Jiajun Wang edited comment on HELIX-659 at 7/10/17 7:19 PM:

Based on all that is discussed above, let us imagine a resource represented by 3 independent
state models: MasterSlave, ReadWrite, and Versions. The following figure shows three possible
state transitions for a replica of the resource.


Partition 1 has some internal error. So although it is still the master, it is transited to
"Error" state. Meantime, it's version needs to be upgraded.
Partition 2 is changed to "R/W". Probably because partition 1 is no longer servicing as an
"R/W" node.
As for partition 3, all its states are changed.

The difficulties of supporting this request using current Helix system include but not limited
to the following aspects.

*It is hard to define state machine or transition constraint for all state models using the
single state model*

For a dynamic state, pre-defined state model won't work at all.

But even we only consider regular state, there is still a problem. Based on our existing framework,
in order to support such scenario, we will need to create a very complex state model that
combines all 3 models. The result will be 2 * 3 * 4 = 24 states and around 80 possible transition
paths, which will be super hard to code.

*It will be potentially low efficient to do states transition*

Imagine that each state transition message contains the delta of a single state. The messages
should be as following.

Partitions	State transitions
R1	(Online, R/W, 1.0.1) → (Online, Error, 1.0.1)
	(Online, Error, 1.0.1) → (Online, Error, 1.0.2)
	(Online, Init, 1.0.1) → (Online, R/W, 1.0.1)
	(Offline, Init, 1.0.1) → (Online, Init, 1.0.1)
	(Online, Init, 1.0.1) → (Online, Ready, 1.0.1)
	(Online, Ready, 1.0.1) → (Online, Ready, 1.0.2)

Obviously, this strategy increases traffic and make the whole transition process much slower.
So a simpler design is that a message carries all necessary information.

Partitions	State transitions
R1	(Online, R/W, 1.0.1) → (Online, Error, 1.0.2)
R2	(Online, Init, 1.0.1) → (Online, R/W, 1.0.1)
R3	(Offline, Init, 1.0.1) → (Online, Ready, 1.0.2)
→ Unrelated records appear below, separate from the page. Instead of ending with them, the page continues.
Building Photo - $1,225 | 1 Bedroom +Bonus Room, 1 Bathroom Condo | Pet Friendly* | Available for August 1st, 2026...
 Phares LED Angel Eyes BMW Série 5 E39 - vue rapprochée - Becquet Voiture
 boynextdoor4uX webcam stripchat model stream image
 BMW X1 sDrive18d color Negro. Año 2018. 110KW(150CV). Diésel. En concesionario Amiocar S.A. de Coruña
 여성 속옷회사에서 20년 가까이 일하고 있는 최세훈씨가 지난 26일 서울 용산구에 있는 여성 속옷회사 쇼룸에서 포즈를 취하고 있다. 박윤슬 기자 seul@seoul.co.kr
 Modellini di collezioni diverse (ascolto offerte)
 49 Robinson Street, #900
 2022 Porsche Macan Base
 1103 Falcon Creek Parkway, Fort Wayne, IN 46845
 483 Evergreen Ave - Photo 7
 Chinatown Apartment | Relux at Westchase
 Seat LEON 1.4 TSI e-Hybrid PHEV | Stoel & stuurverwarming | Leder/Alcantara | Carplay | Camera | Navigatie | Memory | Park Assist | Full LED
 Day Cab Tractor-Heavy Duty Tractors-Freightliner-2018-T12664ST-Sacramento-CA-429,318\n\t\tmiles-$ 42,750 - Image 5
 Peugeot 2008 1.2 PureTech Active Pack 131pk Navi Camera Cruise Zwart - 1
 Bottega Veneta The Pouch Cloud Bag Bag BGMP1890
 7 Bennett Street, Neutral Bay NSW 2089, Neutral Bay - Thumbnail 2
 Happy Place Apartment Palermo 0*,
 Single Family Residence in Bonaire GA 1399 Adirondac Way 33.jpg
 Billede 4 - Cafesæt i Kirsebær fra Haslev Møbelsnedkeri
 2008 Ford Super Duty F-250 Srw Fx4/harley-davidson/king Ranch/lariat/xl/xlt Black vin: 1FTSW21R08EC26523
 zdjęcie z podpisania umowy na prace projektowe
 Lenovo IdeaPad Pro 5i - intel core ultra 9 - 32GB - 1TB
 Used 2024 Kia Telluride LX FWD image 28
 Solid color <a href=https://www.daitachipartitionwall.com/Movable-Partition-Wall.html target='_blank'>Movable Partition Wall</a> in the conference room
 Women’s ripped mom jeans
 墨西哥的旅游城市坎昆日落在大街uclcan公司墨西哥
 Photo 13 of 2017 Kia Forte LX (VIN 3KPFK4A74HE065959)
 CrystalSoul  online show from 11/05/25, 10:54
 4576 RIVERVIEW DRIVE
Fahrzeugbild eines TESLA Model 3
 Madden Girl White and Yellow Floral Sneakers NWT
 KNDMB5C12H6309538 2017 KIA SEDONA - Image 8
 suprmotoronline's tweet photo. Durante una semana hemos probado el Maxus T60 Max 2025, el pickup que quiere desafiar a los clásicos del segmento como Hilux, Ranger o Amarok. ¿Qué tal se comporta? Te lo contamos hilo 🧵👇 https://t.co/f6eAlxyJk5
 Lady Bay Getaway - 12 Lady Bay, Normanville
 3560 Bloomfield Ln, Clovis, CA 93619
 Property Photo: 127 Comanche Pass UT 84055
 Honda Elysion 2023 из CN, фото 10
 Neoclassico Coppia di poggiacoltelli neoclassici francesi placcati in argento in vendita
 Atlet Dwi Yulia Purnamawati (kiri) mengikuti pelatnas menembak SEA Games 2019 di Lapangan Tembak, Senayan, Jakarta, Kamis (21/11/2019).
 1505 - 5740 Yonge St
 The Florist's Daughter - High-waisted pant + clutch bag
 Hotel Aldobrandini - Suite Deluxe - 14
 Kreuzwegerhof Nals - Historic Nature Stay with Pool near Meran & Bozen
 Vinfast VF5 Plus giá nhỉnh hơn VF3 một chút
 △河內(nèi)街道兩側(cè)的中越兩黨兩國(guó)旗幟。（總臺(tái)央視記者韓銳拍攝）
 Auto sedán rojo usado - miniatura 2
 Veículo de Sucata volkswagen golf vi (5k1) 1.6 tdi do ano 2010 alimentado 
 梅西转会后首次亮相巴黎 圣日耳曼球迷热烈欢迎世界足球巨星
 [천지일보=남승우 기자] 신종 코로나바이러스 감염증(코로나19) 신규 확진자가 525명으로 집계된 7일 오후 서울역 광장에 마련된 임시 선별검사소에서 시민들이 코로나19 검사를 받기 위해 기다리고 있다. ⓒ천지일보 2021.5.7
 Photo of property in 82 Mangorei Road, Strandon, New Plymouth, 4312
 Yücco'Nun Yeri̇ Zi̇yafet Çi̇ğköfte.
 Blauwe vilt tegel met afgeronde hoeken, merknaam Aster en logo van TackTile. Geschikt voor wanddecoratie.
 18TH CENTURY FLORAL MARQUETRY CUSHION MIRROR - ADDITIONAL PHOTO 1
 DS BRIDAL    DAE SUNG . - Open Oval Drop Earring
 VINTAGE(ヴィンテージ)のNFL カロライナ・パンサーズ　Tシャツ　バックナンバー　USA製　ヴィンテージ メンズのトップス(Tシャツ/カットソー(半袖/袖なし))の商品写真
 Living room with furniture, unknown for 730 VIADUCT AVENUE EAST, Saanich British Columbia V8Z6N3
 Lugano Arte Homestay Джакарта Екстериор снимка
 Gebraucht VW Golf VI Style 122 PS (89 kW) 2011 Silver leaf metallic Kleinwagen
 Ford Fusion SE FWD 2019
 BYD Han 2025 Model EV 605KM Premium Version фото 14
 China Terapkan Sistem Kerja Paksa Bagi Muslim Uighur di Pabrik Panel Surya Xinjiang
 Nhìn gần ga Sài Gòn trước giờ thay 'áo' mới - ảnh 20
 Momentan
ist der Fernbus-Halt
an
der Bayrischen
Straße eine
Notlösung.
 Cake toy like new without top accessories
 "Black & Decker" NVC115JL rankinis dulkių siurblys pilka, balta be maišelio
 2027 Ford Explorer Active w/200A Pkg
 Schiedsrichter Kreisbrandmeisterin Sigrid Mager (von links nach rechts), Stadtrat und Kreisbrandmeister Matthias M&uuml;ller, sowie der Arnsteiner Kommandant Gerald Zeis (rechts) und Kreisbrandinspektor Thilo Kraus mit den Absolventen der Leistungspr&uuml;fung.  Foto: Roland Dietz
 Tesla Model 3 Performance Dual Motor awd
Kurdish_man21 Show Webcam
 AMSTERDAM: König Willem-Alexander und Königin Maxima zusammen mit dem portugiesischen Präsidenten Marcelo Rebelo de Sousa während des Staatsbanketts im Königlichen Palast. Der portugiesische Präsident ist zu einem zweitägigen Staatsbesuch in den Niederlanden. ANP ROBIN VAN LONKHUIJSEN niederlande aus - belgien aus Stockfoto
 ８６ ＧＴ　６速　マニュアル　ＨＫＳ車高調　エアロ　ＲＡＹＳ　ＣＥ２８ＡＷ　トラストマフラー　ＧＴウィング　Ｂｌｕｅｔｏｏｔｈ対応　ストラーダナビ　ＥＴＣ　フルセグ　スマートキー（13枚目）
But this design brings other issues.

# When a participant gets a message, it may report the new states after finish all the changes.
Among all these states, if one state transition takes a considerably longer time than others,
the whole process is blocked.
# The controller has less control on how a participant does states transitions. It is a problem
if any policy like Helix State Transition Priority Support needs to be applied.
# On the other hand, the participant needs to check the message and compare status. It's hard
to ensure backward compatibility.

*Helix is not able to calculate the best possible state for every state model*

With dynamic state, we allow the application to manage state transition. So the state model
is not defined with a complete constraint and requirement. Helix cannot calculate the best
possible states.

Moreover, even for a nondynamic state, the application may want to trigger the transition
based on some external factors. In this case, Helix only coordinates the state transition.
But it won't make the best possible states plan.

In order to let the user define such states, we need to provide a new state model type. And
Helix should be able to interpret the definition and generate transition messages correctly.

h2. Additional Case Study

h3. Ambry R/W State

In Ambry, a partition has an "R/W" state in addition to OnlineOffline state. So the partition
The "R/W" state is for indicating whether this partition is for read-only or writable.
There may be state transitions as shown following.

* The first state transition is conducted by the Ambry application.
* The second one is regular state transition managed by Helix.


Note that the "R/W" state model is still regular model. Which means the state is pre-defined
and the constraint will still be defined as a regular state.

h3. Pinot Version State

In Pinot, when a new version of data is ready, the system replaces old partitions with the
new ones.
If the replacement is done one partition by another, any read that is queried during the upgrade
period will get inconsistent data.
Currently, the application needs a workaround for data consistency.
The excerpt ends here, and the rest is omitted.